要点まとめ
不動産登記のオンライン申請では電子署名が必須で、マイナンバーカードまたは法人の電子証明書を使って申請書類に署名する
所有権移転登記、抵当権設定登記など主要な登記手続がオンライン申請に対応し、登録免許税の減額措置も受けられる
スマホだけで完結したい場合、iPhone+マイナンバーカード+電子署名くんでPDFに電子署名できます。
不動産登記のオンライン申請とは
不動産登記のオンライン申請は、法務省が提供する「登記・供託オンライン申請システム(登記ねっと)」を通じて行います。土地や建物の所有権移転登記、抵当権設定登記、住所変更登記などを、インターネット経由で法務局に申請できます。
従来は法務局に直接出向いて紙の書類を提出する必要がありましたが、オンライン申請なら24時間いつでも申請が可能です。登録免許税の軽減措置(最大5,000円)も受けられます。
なぜ電子署名が必要なのか
不動産登記のオンライン申請では、申請書類に電子署名を付与することが法律で義務付けられています(出典:登記・供託オンライン申請システム)。
1. 本人確認(なりすまし防止)
不動産登記は不動産の権利関係を公示する重要な手続です。第三者によるなりすまし申請を防ぐため、電子証明書による厳格な本人確認が求められます。
2. 改ざん検知(データの完全性保証)
電子署名が付与された登記申請書は、後から内容が改ざんされていないことを数学的に証明できます。登記内容の信頼性を確保し、不正な変更を防止します。
3. 法的効力の確保
電子署名法により、適切な電子証明書で署名された電子文書は、紙の書類への押印と同等の法的効力を持ちます。不動産登記という法的拘束力のある手続において、電子署名は不可欠です。
不動産登記で利用可能な電子証明書
不動産登記のオンライン申請では、政府認証基盤(GPKI)に対応した電子証明書が利用できます。
- 公的個人認証サービス電子証明書(マイナンバーカード)
地方公共団体情報システム機構が発行する電子証明書。マイナンバーカードに格納されており、個人の不動産登記申請に利用できます。 - 商業登記電子証明書
法務省の電子認証登記所が発行する電子証明書。会社の代表者や取締役に発行され、法人が申請する場合に利用します。 - その他の GPKI 対応電子証明書
セコムパスポート for G-ID、AOSign サービス、e-Probatio PS2 など、民間認証局が提供する GPKI 対応の電子証明書も利用可能です。

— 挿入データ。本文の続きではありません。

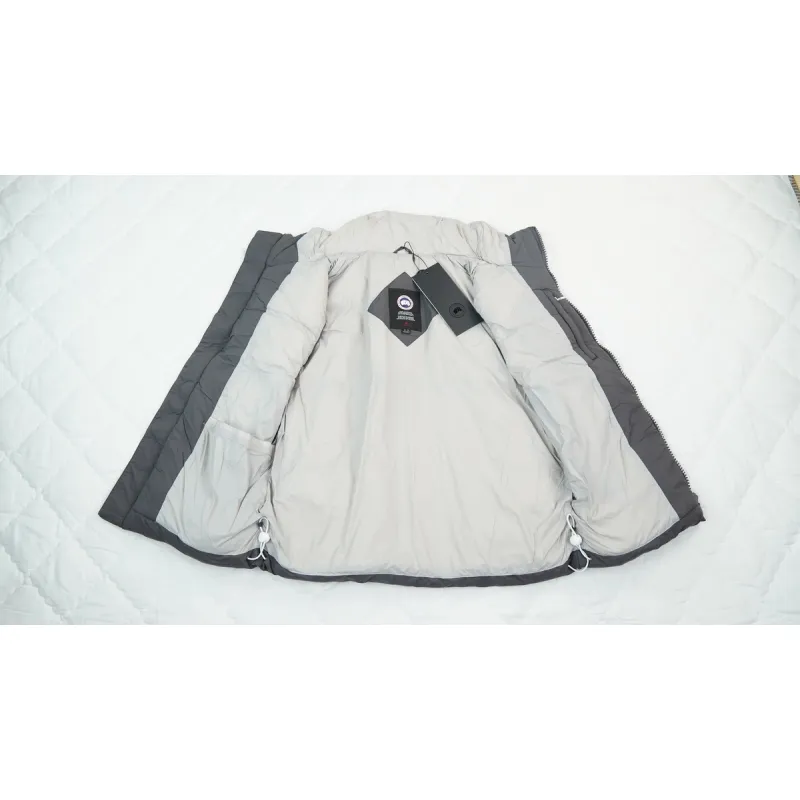 Canada Goose Outdoor Sports Down Vest White Label Grey BA7BN
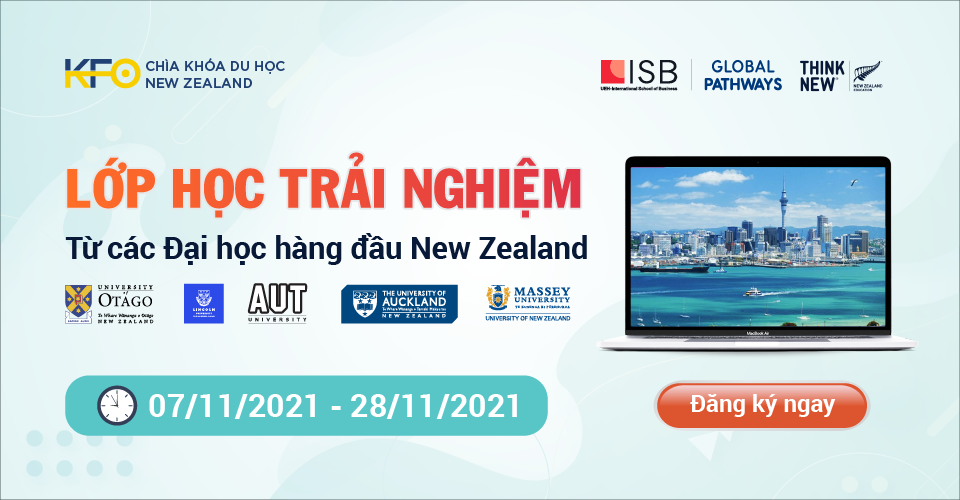 Hình Chìa khóa du học New Zealand 2021 - Lớp học trải nghiệm từ 5 Đại học hàng đầu tại New Zealand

スマホ(iPhone)で不動産登記書類に電子署名する方法
iPhone とマイナンバーカードを使って、不動産登記申請の PDF 書類に電子署名を付与する手順を説明します。
電子署名くんを使った手順
- App Store から「電子署名くん」をダウンロード
- 不動産登記申請に必要な書類(申請書、添付情報など)を PDF 形式で用意
- アプリで PDF を開く
- 「電子署名」メニューを選択
- 署名用電子証明書の暗証番号(6〜16桁英数字)を入力
- iPhone の背面上部にマイナンバーカードをかざす
- 電子署名付き PDF が生成される
- この PDF を登記ねっとから添付・送信
PC の場合は、申請用総合ソフトと IC カードリーダライタを使用します。
オンライン申請できる主な不動産登記手続
- 所有権移転登記:売買、相続、贈与などによる不動産の所有者変更
- 抵当権設定登記:住宅ローンなどの担保設定
- 抵当権抹消登記:ローン完済後の担保権消滅
- 住所変更登記:所有者の住所が変わった場合の変更登記
- 氏名変更登記:結婚などで氏名が変わった場合の変更登記
よくあるエラーと対処法
エラー1:「電子証明書が利用できません」
対処法:使用している電子証明書が GPKI 対応かどうか確認してください。マイナンバーカードの場合は署名用電子証明書を使用していることを確認してください。
エラー2:「署名検証エラー」
対処法:電子証明書の有効期限が切れていないか確認してください。マイナンバーカードの署名用電子証明書は発行日から5回目の誕生日まで有効です。
エラー3:「添付ファイルのサイズが大きすぎます」
対処法:登記ねっとでは添付ファイルの合計サイズに制限があります(10MB 程度)。PDF を圧縮するか、複数回に分けて送信してください。